╭─ THE DATA

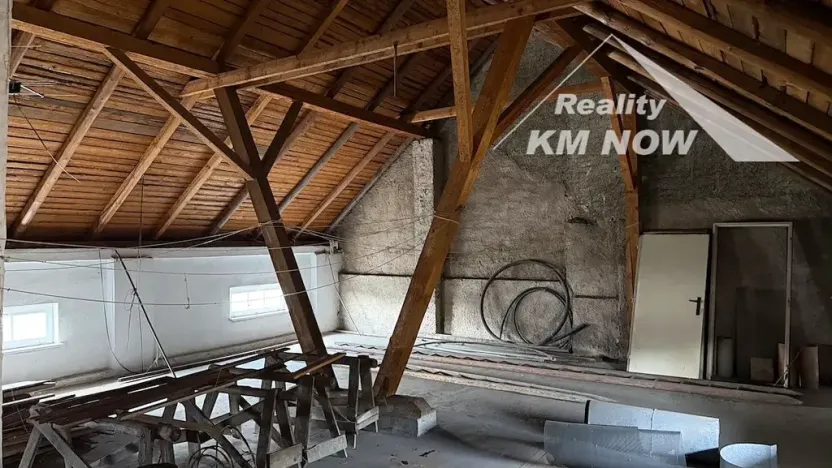 Prodej rodinného domu, Roštění, 147 m2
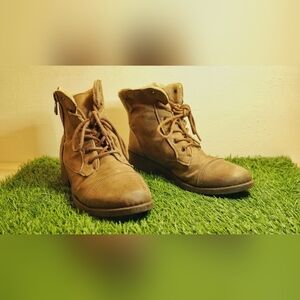 Qupid Brown Boots Size 7!
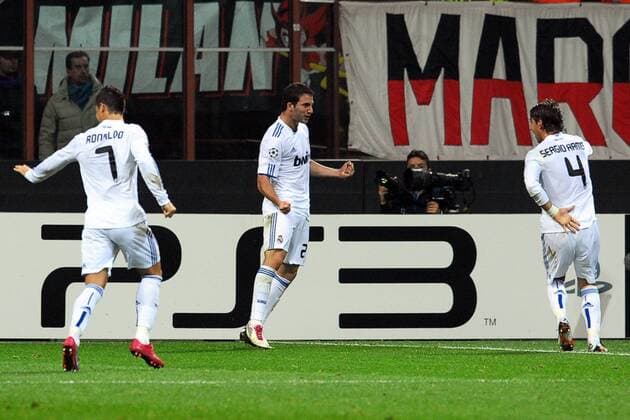 Gonzalo HIGUAIN (Real Madrid, Mitte) - Torjubel - Milano 3 11 2010 Champions League 2010 2011, AC Milan vs Real Madrid CF - ANDREAXSTACCIOLI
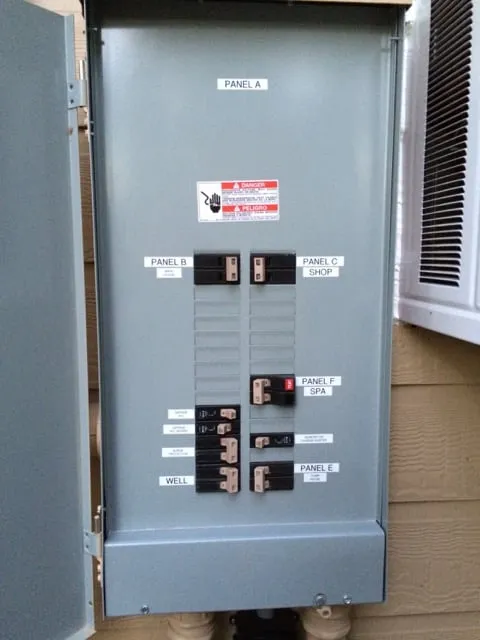 Certified electrician providing lighting installation in Temecual, CA - Diversified Electrical Services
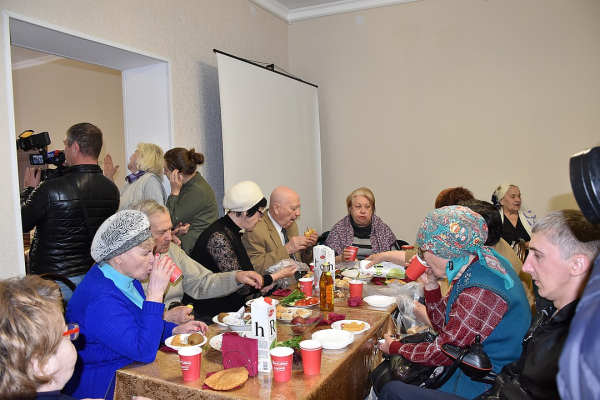 «Очаг добра»: в КЧР открылось бесплатное кафе для пенсионеров и инвалидов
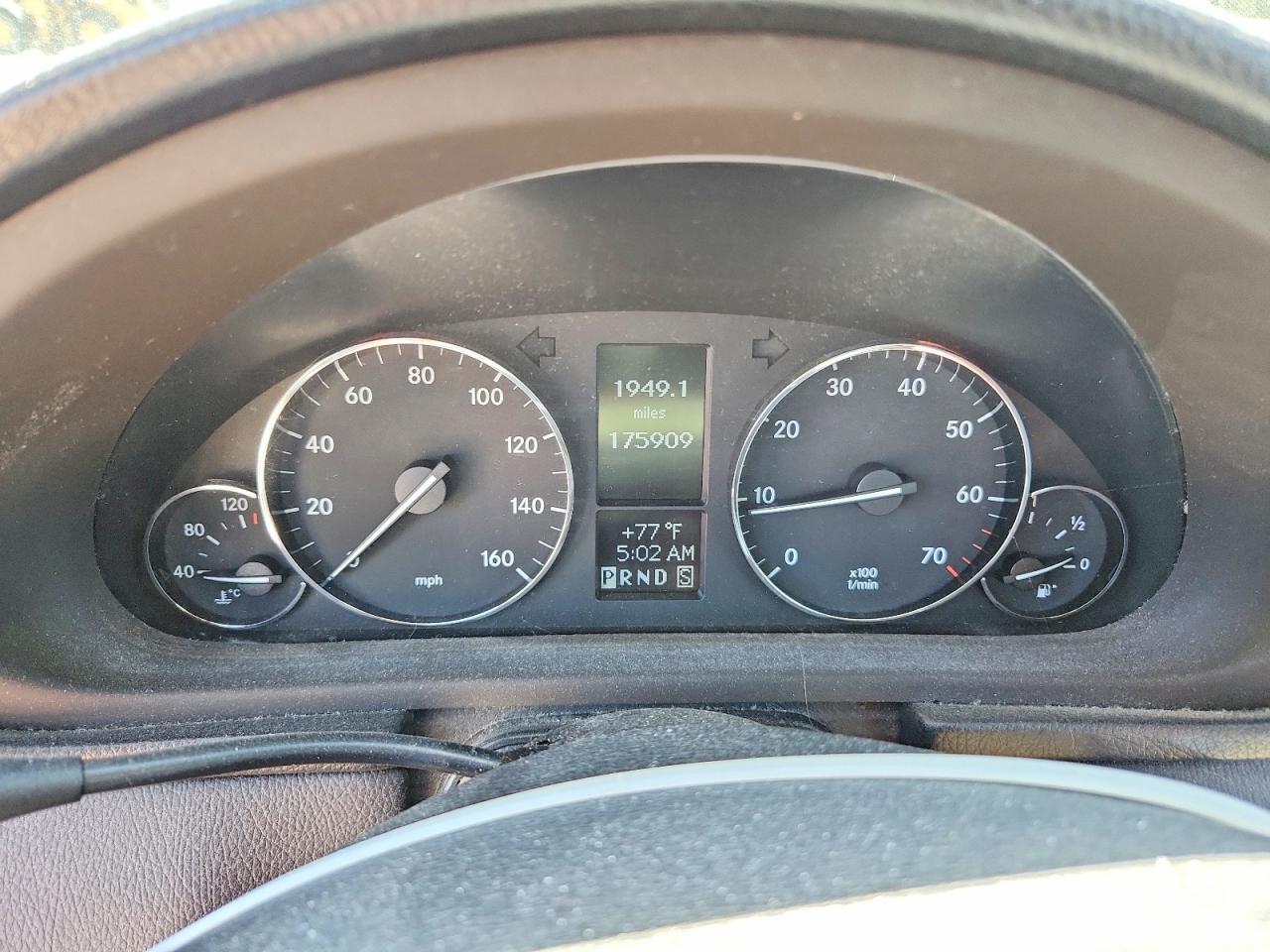 2007 Mercedes-Benz C class VIN WDBRF52H27F861790 photo 9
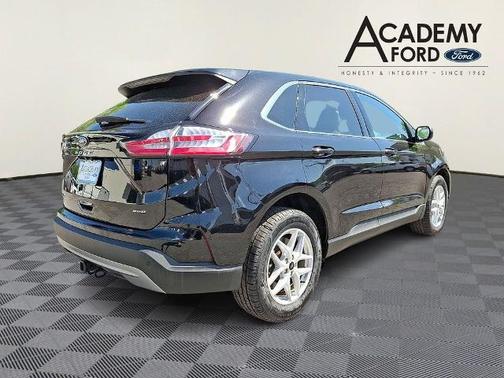 AGATE BLACK METALLIC 2024 Ford Edge SEL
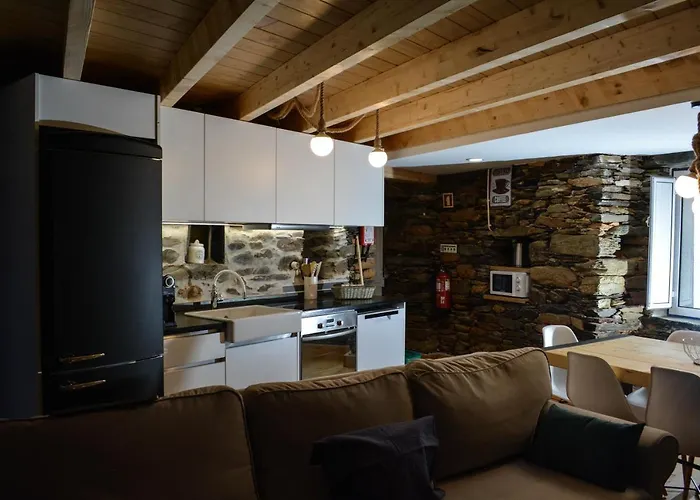 בקתה Casa Do Azereiro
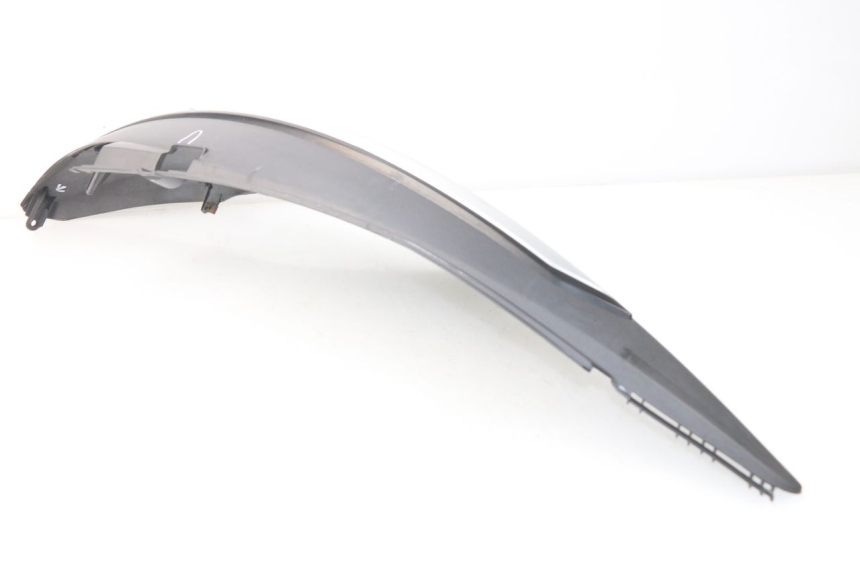 photo de LATERAL TRASEIRO ESQUERDO SYM GTS EVO 125 (2009 - 2013) - Detalhes característicos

╰─

_ACTIVITY_
What is needed is an exact repeat of the records, with every picture left out.

_ANSWER FOR THE TASK_
 Prodej rodinného domu, Roštění, 147 m2
 Qupid Brown Boots Size 7!
 Gonzalo HIGUAIN (Real Madrid, Mitte) - Torjubel - Milano 3 11 2010 Champions League 2010 2011, AC Milan vs Real Madrid CF - ANDREAXSTACCIOLI
 Certified electrician providing lighting installation in Temecual, CA - Diversified Electrical Services
 «Очаг добра»: в КЧР открылось бесплатное кафе для пенсионеров и инвалидов
 2007 Mercedes-Benz C class VIN WDBRF52H27F861790 photo 9
 AGATE BLACK METALLIC 2024 Ford Edge SEL
 בקתה Casa Do Azereiro
 photo de LATERAL TRASEIRO ESQUERDO SYM GTS EVO 125 (2009 - 2013) - Detalhes característicos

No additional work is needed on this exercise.